Quando vieram as primeiras chuvas, Belarmino correu para o local e deu um grito de satisfação:
- Mororó, Icó, Marmeleiro. É aqui mesmo.
Para
 espanto da cidade, Belarmino fez um empréstimo no banco, só porque o 
gerente era amigo, pois a agência não tinha licença para autorizar 
perfuração de poço nesta região tão seca. O gerente sabia que, não 
havendo água, Belarmino iria vender a criação e pagaria o empréstimo, 
pois era gente de bem e muito religioso.
As máquinas chegaram, logo estavam espalhando poeira no ar, furando rapidamente 12 metros. Nada! Alongou-se o projeto para 24 metros. Nada! Acabou-se o massapê, virou rocha dura, depois só granito. O chefe da máquina foi taxativo:
- Aqui não tem água, não. É prejuízo puro.
Belarmino retrucou:
- A santa disse e está dito. Vamos furar mais alguns metros, pois a água vai estar debaixo do granito.

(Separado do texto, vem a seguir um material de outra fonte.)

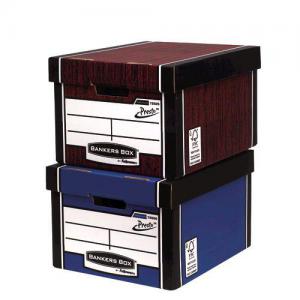 Image of Fellowes Bankers Box Premium Presto Classic Storage Box Woodgrain Pack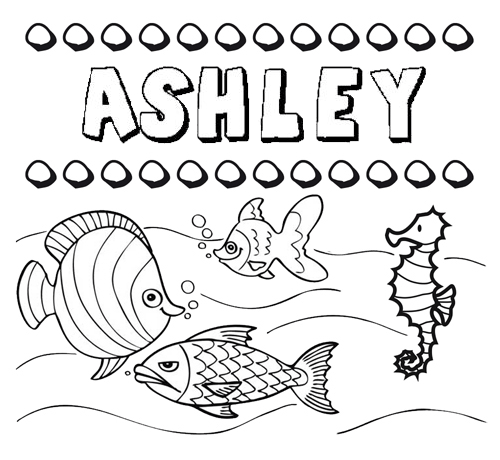 Dibujos de los nombres. Nombre Ashley para pintar, colorear e imprimir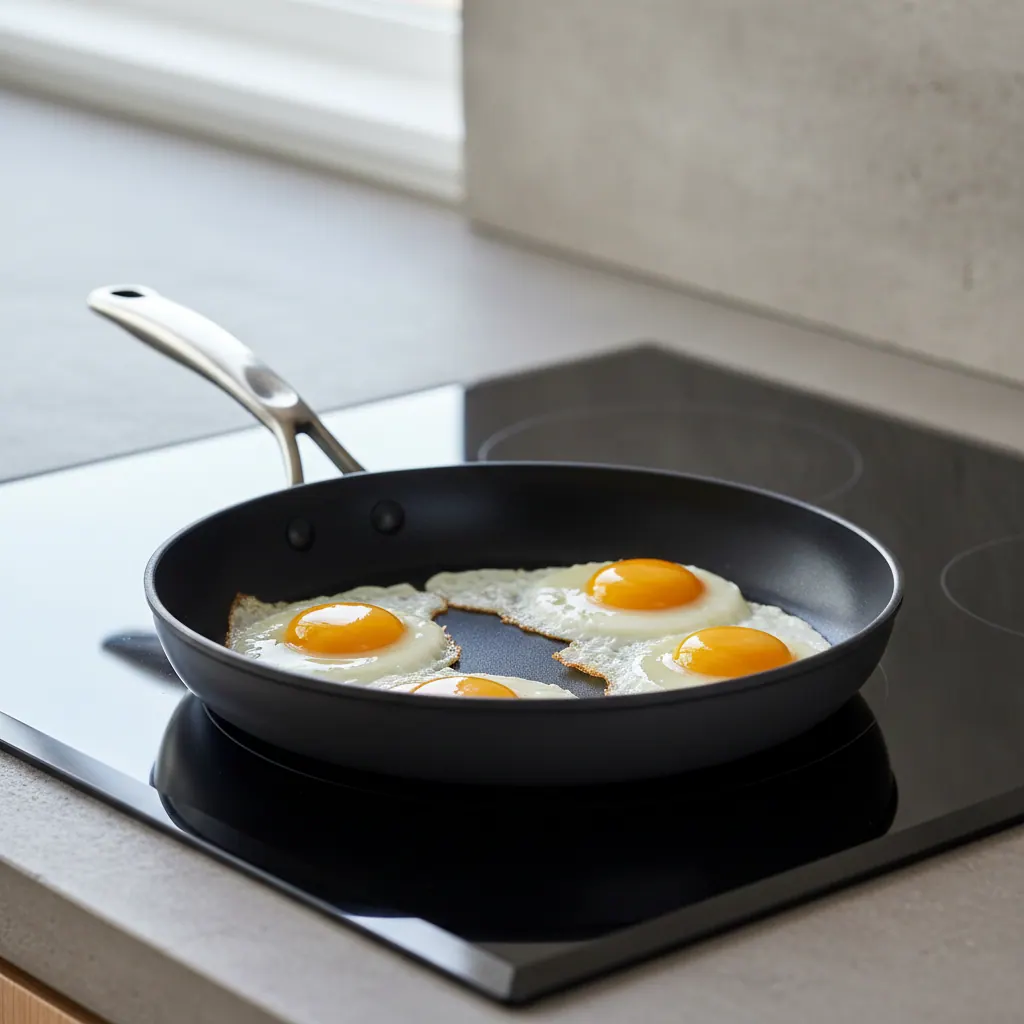All-Clad HA1 hard anodized nonstick skillet with eggs sliding on an induction cooktop surface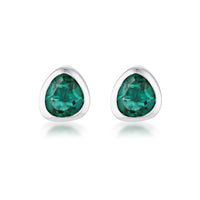 Celebration Stud Earrings - Sterling Silver | Emerald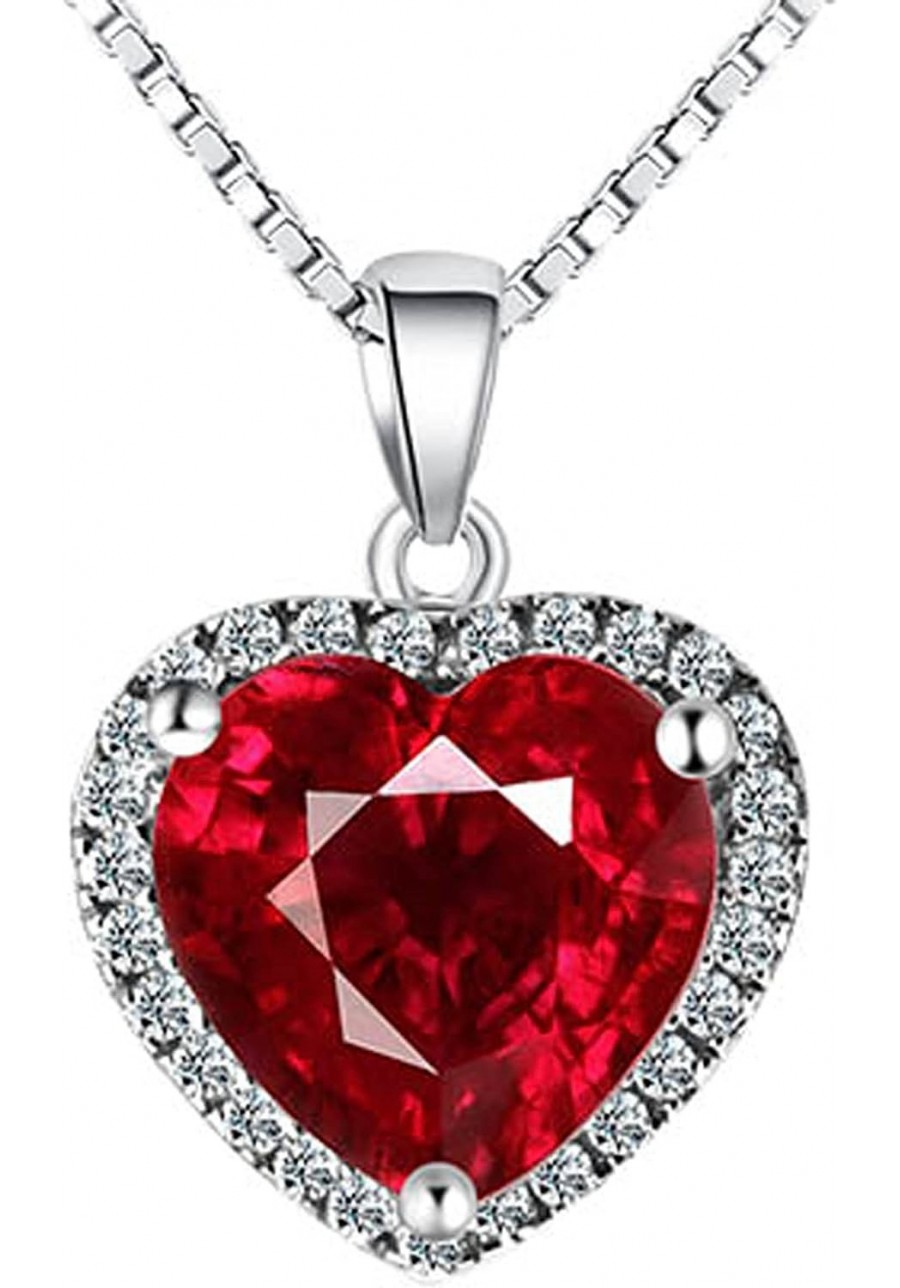 925 Sterling Silver 18k White Gold Plated 3.7ct Heart Ruby or Emerald Necklace Pendant 16 $37.03 Pendant Necklaces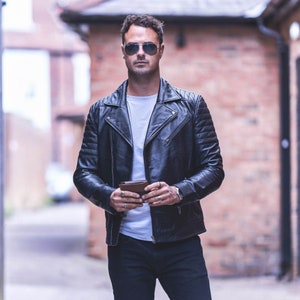 Black Leather Jacket For Men Motorcycle Jacket Steampunk Leather Jacket Mens Leather Biker Jacket Sheepskin Leather Unique Gift Idea For Him
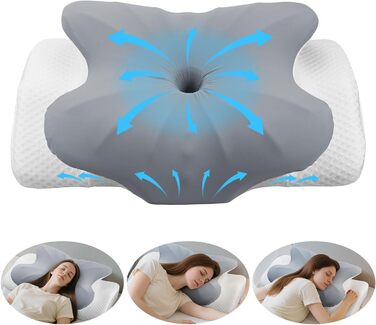 Ортопедична подушка FUNYKICH з піною з пам'яті, сірого кольору, з двома рівнями висоти (11/13 см), дихаюча та пральна, для комфортного сну на боці, спині та животі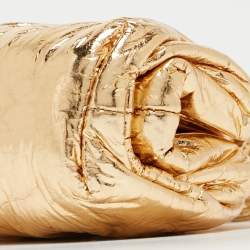 Pre Owned Bottega Veneta Gold Foil Leather Extra Mini Pouch Bag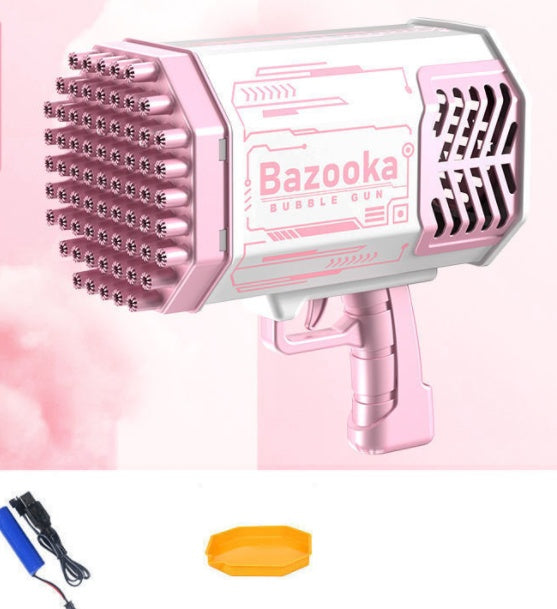 Bubble Gun Rocket 69 Holes Soap Bubbles Machine  Shape Automatic Blower With Light Toys For Kids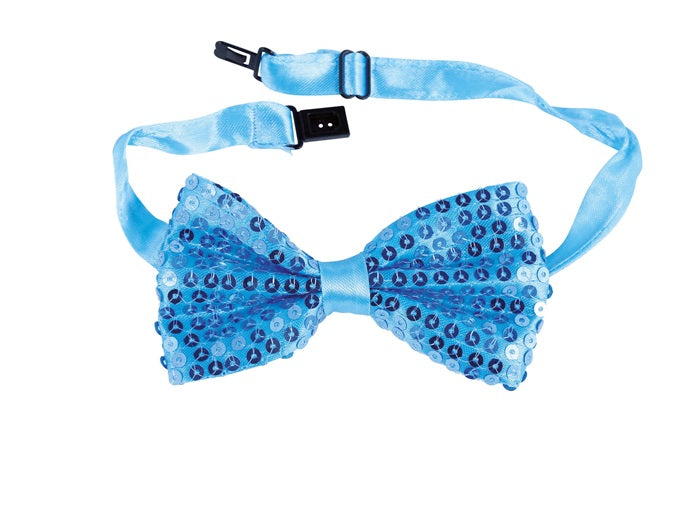 noeud papillon à sequins bleu clair 13x7cm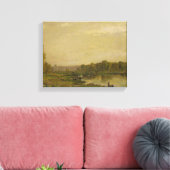 Landschap op de Oise, Charles-François Daubigny, Canvas Afdruk (Insitu (Woonkamer))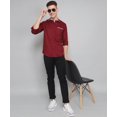 thumbnail image 4 of Exclusive TryBuy Premium Maroon Cotton Dress Shirt for Men, 4 of 8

Não adianta discutir com gente louca e, de novo, a perfuratriz voltou a roncar, passando de 36 metros, 38 metros, 42 metros, e começou a gritaria.
- Água, água.
O jorro de água benzeu a Caatinga. A notícia correu mundo.
Os
 vizinhos passaram a convidar Belarmino para beber, dormir e sonhar, 
numa rede florida, perfumada, para ver se conseguia ter um bom sonho com
 água. Belarmino, religiosamente, a todos atendia, pois achava que a 
santa não deveria ser apenas dele. Foi assim que Belarmino dormiu em 
muitas casas da vizinhança e andou descobrindo água em várias 
propriedades. Como sempre, havia os despeitados:
-
 Por que descobriu água na de Juvêncio, que fez um jantar com frango, e 
não descobriu na minha terra, que lhe serviu um jantar com leitão?
Belarmino sorria e respondia:
- Sei lá, acho que só pode ser capricho da santa!